• _ACTION ITEM_
With images excluded, write out each entry below exactly as given.

[[ SUPPLIED MATERIAL open ]]

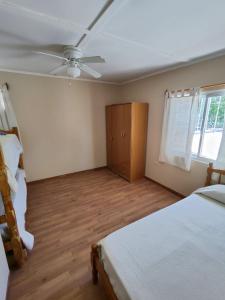 Postel nebo postele na pokoji v ubytování Departamentos Polo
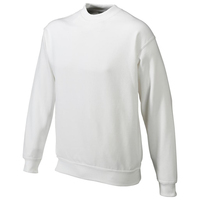 Sweatshirt, Gr. 3XL, weiß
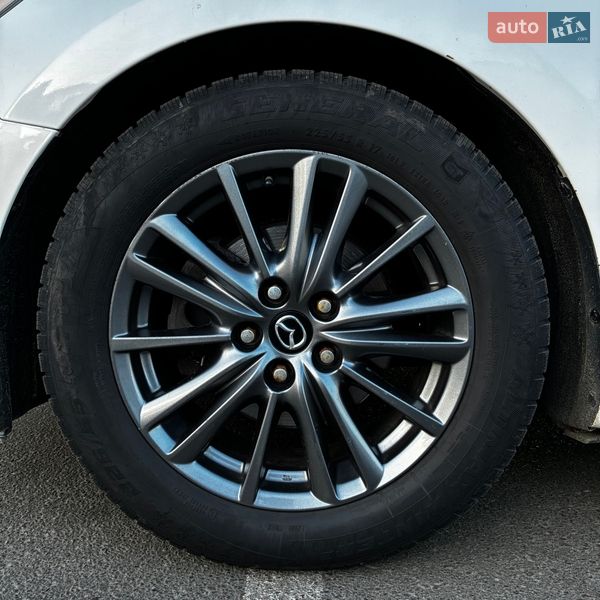 Седан Mazda 6 2014 в Киеве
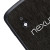 Protection adhésive Google Nexus 4 dbrand Textured – Noir Titane 2
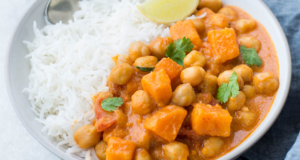 Chickpea & Potato Curry Recipe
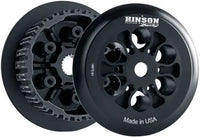 Billet Presure Plate/Hub Kit Honda 8 Plate HINSON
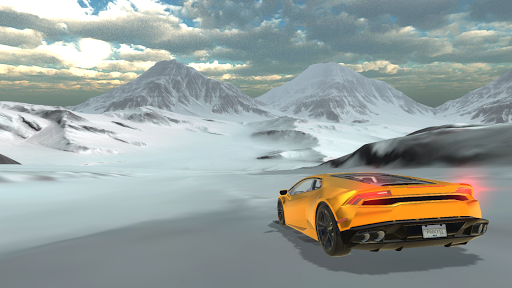 Huracan Drift Simulator 1.1 APK screenshots 6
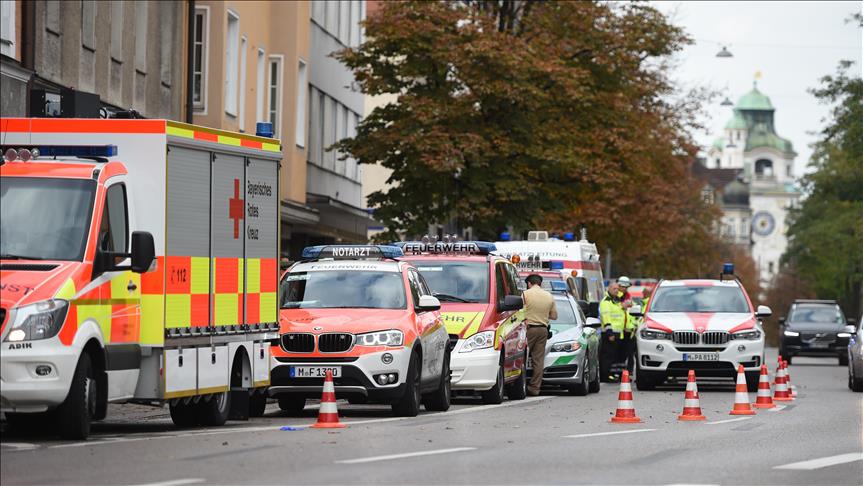 Munich : Attaque au couteau, pas de motif terroriste( police)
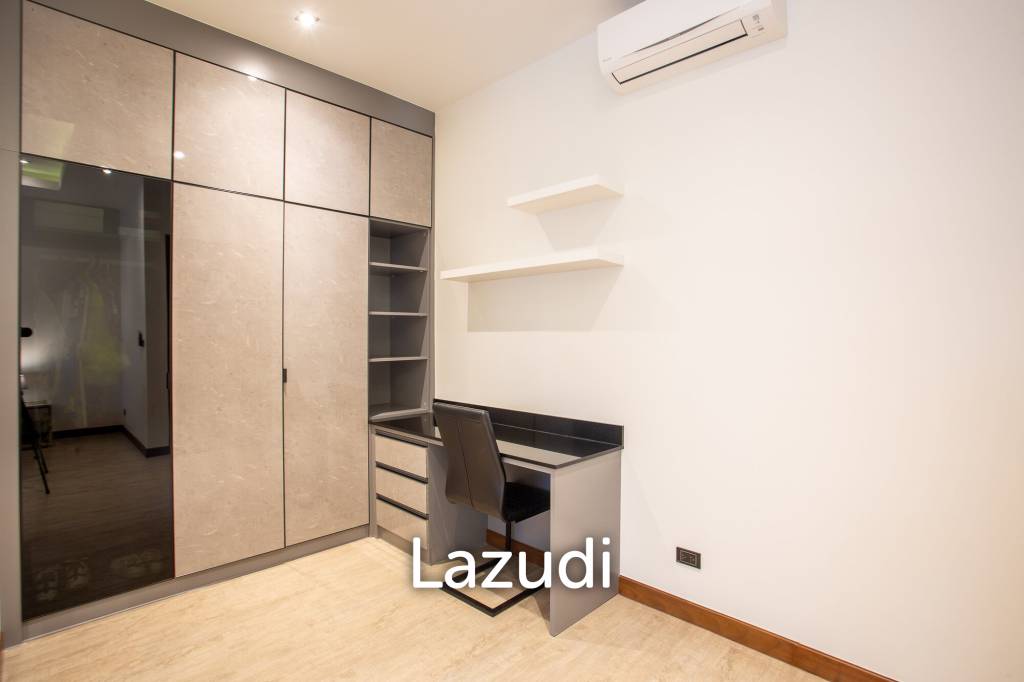 Luxury Modern 6 Bed Pool Villa with Big land plot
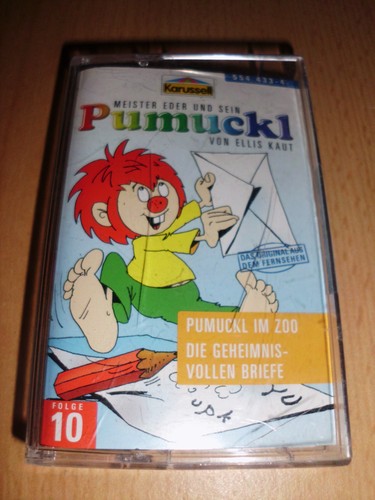 Hörspielkassette meister - mc,
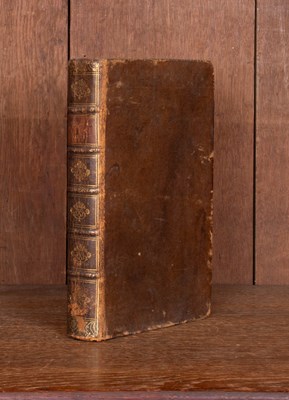 Lot 751 - [Newcomb (Thomas)] The manners of the age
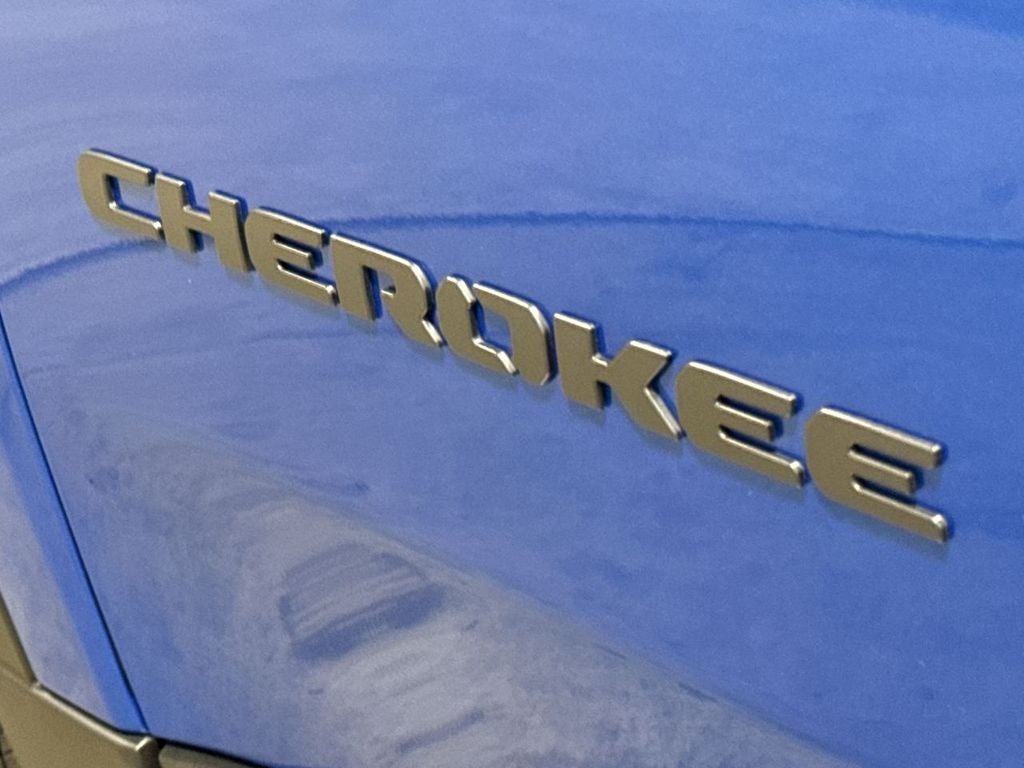 2026 Jeep Cherokee Limited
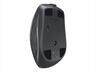MOUSE WIRELESS USB LOGITECH MX Anywhere 2S w/Bluetooth Multi-device graphite, Unify, 910-007230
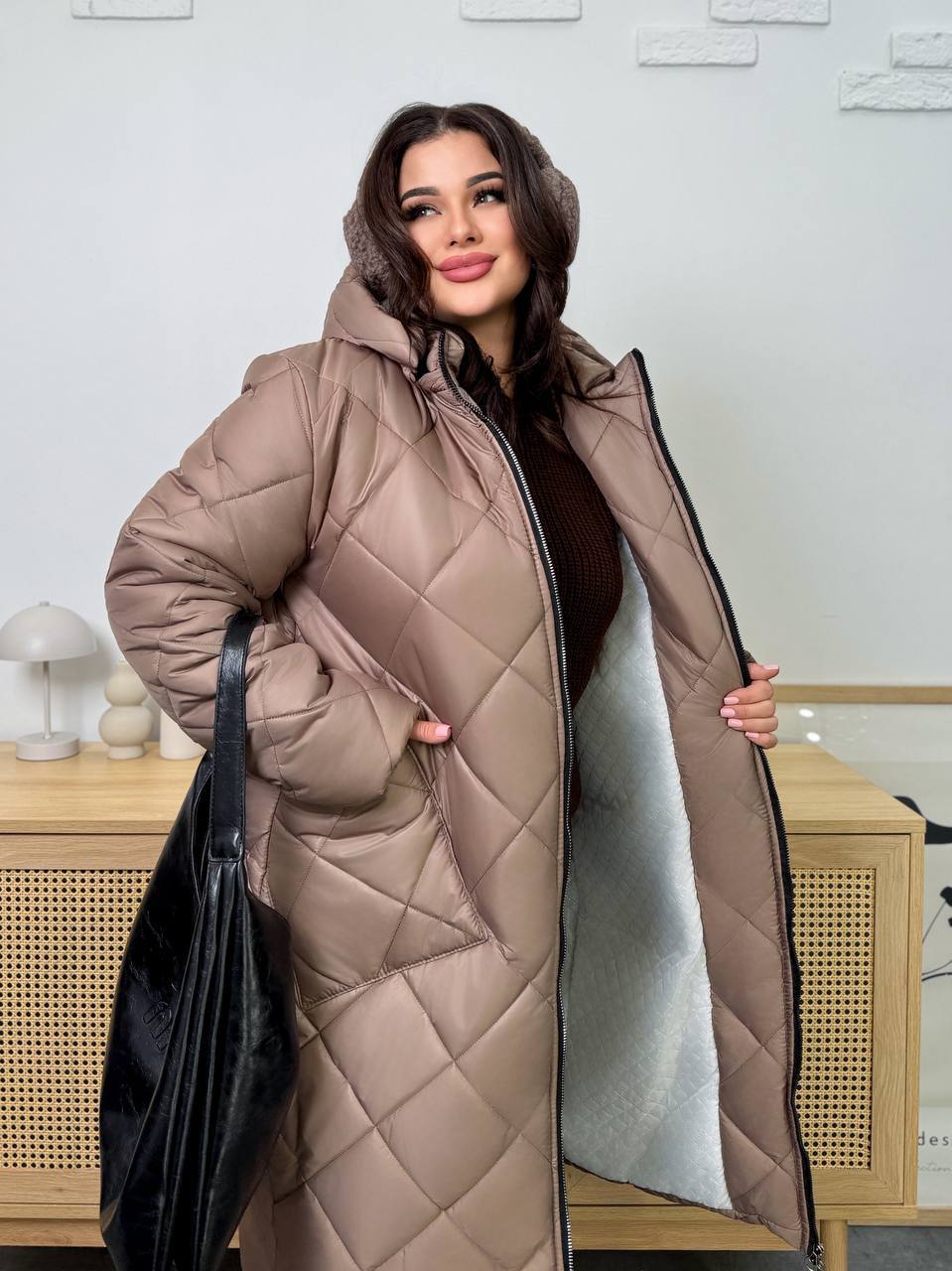 Пальто 31102503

[[ SUPPLIED MATERIAL closed ]]

• _SOLUTION BELOW_
 Postel nebo postele na pokoji v ubytování Departamentos Polo
 Sweatshirt, Gr. 3XL, weiß
 Седан Mazda 6 2014 в Киеве
 Protection adhésive Google Nexus 4 dbrand Textured – Noir Titane 2
 Chickpea & Potato Curry Recipe
 Billet Presure Plate/Hub Kit Honda 8 Plate HINSON
 Huracan Drift Simulator 1.1 APK screenshots 6
 Munich : Attaque au couteau, pas de motif terroriste( police)
 Luxury Modern 6 Bed Pool Villa with Big land plot
 Hörspielkassette meister - mc,
 Lot 751 - [Newcomb (Thomas)] The manners of the age
 2026 Jeep Cherokee Limited
MOUSE WIRELESS USB LOGITECH MX Anywhere 2S w/Bluetooth Multi-device graphite, Unify, 910-007230
 Пальто 31102503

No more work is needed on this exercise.